▶ _Information given_
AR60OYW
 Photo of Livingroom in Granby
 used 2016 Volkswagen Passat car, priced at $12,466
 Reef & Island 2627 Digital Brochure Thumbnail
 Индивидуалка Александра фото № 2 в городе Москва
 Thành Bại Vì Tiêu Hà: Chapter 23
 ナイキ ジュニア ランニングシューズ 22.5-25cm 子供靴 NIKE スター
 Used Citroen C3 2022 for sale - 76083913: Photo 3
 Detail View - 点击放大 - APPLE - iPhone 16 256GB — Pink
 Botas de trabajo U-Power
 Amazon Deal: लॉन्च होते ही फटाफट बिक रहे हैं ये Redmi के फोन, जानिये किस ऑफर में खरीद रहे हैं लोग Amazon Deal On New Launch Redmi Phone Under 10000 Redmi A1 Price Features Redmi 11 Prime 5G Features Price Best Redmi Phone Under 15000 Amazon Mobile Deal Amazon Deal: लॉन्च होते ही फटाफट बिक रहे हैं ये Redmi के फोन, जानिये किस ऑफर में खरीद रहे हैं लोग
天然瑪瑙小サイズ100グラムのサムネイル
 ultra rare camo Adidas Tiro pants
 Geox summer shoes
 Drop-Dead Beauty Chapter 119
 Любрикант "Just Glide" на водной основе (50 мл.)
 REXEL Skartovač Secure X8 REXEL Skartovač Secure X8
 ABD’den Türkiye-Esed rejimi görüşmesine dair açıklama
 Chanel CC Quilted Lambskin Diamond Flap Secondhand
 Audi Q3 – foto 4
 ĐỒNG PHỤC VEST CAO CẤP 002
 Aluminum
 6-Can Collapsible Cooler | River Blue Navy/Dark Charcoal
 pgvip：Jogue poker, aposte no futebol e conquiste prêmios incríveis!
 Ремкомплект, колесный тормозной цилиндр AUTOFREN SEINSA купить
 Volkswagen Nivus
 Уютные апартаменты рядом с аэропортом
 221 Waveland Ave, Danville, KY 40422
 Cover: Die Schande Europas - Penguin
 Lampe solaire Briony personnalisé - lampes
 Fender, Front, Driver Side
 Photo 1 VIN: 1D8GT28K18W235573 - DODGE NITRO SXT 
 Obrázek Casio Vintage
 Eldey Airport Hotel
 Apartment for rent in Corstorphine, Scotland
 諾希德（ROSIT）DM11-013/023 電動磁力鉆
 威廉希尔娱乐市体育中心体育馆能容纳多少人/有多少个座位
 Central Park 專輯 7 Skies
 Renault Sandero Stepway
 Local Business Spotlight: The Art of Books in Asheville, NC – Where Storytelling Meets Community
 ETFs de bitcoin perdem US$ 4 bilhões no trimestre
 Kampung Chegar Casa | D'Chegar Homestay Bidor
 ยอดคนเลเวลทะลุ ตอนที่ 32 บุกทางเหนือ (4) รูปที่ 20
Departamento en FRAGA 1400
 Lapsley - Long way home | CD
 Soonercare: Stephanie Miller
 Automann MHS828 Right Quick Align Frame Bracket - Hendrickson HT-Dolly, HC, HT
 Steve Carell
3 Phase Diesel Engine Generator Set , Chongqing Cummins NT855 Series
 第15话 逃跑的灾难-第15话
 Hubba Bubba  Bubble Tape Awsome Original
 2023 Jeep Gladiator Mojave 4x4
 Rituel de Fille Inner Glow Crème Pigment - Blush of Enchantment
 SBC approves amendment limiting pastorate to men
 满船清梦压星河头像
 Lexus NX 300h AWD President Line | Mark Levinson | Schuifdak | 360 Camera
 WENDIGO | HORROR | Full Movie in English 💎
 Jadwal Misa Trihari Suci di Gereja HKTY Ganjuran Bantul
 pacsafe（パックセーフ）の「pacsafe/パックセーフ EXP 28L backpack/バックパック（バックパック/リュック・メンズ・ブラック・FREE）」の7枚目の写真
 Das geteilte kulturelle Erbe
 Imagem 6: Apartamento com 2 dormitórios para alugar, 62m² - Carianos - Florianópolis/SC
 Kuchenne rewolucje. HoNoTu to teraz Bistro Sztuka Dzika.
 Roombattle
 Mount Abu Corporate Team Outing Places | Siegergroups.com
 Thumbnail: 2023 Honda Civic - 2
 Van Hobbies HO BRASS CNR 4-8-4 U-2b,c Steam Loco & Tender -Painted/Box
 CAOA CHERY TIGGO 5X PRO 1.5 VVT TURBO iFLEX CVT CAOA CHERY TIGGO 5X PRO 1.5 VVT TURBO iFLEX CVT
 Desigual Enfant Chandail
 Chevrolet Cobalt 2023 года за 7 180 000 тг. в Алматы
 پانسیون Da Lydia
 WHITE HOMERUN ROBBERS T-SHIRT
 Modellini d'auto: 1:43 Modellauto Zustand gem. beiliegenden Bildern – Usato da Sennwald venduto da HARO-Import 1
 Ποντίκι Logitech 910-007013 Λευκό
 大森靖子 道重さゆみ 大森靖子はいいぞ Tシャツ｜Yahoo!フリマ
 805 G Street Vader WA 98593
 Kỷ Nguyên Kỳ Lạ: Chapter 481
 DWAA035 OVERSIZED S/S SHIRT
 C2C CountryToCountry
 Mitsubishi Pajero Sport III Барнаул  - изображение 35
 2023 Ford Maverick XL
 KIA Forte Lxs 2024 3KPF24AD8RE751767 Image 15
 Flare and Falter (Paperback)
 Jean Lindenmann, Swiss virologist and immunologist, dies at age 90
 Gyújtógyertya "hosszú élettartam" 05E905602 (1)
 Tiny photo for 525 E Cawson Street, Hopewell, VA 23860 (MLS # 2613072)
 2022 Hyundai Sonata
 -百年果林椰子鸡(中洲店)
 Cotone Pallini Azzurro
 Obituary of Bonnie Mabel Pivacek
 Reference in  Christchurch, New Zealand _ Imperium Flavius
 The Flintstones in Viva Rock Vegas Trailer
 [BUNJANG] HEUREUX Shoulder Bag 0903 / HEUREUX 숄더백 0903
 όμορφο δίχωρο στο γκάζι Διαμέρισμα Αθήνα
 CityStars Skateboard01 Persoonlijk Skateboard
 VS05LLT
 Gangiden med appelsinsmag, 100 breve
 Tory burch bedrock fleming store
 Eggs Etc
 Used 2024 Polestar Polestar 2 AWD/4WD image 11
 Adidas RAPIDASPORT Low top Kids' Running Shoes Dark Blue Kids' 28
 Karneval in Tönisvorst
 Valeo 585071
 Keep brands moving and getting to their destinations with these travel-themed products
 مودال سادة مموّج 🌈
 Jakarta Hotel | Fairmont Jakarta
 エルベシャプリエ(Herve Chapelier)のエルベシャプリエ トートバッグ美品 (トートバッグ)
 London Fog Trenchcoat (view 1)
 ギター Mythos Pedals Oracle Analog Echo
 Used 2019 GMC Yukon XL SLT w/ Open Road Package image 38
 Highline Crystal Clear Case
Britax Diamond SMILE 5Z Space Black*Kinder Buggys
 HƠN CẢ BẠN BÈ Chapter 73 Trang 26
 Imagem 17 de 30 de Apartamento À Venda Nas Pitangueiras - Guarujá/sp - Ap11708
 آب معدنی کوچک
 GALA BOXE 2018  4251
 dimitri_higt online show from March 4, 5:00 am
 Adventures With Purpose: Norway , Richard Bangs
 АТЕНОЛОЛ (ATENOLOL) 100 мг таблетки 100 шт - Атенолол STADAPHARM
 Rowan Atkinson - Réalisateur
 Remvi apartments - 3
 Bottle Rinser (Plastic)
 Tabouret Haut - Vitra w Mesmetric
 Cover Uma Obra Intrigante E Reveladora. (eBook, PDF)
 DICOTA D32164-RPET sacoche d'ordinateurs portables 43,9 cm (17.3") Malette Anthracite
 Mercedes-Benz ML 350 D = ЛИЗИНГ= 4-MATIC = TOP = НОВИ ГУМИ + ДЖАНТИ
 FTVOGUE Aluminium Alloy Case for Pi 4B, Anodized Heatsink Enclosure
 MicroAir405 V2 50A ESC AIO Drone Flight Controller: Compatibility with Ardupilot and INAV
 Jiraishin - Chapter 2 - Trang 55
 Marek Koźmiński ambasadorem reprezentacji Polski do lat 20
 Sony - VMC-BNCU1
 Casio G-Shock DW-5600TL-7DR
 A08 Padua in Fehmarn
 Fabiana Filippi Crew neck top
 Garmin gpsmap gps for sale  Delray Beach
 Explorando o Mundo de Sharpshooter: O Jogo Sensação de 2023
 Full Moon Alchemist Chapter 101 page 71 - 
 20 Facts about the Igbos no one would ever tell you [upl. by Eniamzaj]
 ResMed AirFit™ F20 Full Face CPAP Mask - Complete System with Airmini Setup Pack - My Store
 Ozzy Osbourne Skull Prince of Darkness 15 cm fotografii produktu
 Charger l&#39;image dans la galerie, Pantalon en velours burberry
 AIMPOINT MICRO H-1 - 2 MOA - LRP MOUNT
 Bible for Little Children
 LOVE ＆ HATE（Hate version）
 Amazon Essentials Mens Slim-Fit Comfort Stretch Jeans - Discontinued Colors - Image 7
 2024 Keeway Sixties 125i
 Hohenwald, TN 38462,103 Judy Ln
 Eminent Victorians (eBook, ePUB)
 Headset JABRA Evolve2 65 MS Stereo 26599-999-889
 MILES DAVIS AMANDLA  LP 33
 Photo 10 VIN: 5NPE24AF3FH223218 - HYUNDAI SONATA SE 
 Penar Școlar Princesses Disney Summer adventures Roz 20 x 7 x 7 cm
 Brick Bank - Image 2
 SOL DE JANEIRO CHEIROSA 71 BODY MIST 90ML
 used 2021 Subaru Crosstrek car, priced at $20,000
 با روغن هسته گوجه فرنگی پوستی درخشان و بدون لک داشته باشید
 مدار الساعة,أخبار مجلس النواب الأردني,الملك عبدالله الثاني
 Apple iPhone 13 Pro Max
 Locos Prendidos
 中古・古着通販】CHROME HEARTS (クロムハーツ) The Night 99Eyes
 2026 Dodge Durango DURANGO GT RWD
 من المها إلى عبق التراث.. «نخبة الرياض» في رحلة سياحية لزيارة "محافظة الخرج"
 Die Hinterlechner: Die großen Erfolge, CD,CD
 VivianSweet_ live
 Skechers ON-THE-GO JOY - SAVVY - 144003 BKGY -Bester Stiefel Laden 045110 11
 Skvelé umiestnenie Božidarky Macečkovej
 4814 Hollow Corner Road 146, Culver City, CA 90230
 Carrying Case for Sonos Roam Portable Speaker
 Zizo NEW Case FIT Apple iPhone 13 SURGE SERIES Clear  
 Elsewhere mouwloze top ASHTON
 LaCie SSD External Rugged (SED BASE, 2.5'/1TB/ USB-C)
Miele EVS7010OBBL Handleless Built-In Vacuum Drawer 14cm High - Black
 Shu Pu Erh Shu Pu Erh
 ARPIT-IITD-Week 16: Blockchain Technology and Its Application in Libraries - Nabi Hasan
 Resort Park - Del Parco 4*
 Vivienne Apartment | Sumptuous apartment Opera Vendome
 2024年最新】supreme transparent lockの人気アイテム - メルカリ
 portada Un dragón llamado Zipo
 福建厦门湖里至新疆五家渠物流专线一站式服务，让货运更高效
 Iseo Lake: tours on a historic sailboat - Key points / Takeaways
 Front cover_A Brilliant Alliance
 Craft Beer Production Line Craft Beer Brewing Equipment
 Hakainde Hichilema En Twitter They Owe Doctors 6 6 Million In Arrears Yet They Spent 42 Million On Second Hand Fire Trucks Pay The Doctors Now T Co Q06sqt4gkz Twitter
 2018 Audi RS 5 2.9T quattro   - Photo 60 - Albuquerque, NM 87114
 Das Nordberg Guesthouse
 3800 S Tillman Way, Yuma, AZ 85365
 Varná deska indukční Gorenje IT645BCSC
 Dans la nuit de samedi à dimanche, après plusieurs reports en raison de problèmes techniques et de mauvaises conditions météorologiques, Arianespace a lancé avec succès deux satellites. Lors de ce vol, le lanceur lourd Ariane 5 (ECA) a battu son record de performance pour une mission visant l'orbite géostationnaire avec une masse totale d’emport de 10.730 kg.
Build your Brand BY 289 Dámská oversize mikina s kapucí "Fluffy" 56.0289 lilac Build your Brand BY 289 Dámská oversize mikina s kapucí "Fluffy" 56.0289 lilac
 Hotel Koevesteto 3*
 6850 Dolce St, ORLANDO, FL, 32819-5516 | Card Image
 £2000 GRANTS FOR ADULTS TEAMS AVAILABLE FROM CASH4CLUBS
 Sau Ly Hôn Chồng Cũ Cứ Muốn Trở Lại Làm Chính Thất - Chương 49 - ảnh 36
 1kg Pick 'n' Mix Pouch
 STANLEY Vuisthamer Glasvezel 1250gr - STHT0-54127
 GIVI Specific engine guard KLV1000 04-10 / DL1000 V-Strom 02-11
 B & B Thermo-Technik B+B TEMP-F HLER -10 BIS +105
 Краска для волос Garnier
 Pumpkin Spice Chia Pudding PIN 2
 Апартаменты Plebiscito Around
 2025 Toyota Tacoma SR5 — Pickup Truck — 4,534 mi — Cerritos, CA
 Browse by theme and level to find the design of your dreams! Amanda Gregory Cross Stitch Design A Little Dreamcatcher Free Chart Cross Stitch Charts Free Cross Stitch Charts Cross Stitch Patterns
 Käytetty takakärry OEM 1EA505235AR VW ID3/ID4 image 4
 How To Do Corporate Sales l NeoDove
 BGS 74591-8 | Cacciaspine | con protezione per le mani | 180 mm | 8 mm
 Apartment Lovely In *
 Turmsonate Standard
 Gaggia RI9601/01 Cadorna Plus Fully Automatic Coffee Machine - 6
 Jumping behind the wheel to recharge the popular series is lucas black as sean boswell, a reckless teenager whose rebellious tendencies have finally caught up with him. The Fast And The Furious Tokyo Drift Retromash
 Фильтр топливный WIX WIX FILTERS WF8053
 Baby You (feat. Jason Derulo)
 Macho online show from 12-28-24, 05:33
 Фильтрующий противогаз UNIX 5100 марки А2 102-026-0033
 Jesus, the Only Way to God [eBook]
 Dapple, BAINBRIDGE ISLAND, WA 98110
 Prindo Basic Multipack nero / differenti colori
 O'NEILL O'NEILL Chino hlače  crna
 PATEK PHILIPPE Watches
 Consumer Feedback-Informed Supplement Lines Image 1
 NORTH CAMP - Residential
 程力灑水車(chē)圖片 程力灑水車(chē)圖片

▶ _What to produce_
Would you output, from the records above, exactly the run of lines that starts at the line containing "MicroAir405 V2 50A" and ends at the line containing "Charger l&#39;image dans", and only that run?

▶ _Answer box_
 MicroAir405 V2 50A ESC AIO Drone Flight Controller: Compatibility with Ardupilot and INAV
 Jiraishin - Chapter 2 - Trang 55
 Marek Koźmiński ambasadorem reprezentacji Polski do lat 20
 Sony - VMC-BNCU1
 Casio G-Shock DW-5600TL-7DR
 A08 Padua in Fehmarn
 Fabiana Filippi Crew neck top
 Garmin gpsmap gps for sale  Delray Beach
 Explorando o Mundo de Sharpshooter: O Jogo Sensação de 2023
 Full Moon Alchemist Chapter 101 page 71 - 
 20 Facts about the Igbos no one would ever tell you [upl. by Eniamzaj]
 ResMed AirFit™ F20 Full Face CPAP Mask - Complete System with Airmini Setup Pack - My Store
 Ozzy Osbourne Skull Prince of Darkness 15 cm fotografii produktu
 Charger l&#39;image dans la galerie, Pantalon en velours burberry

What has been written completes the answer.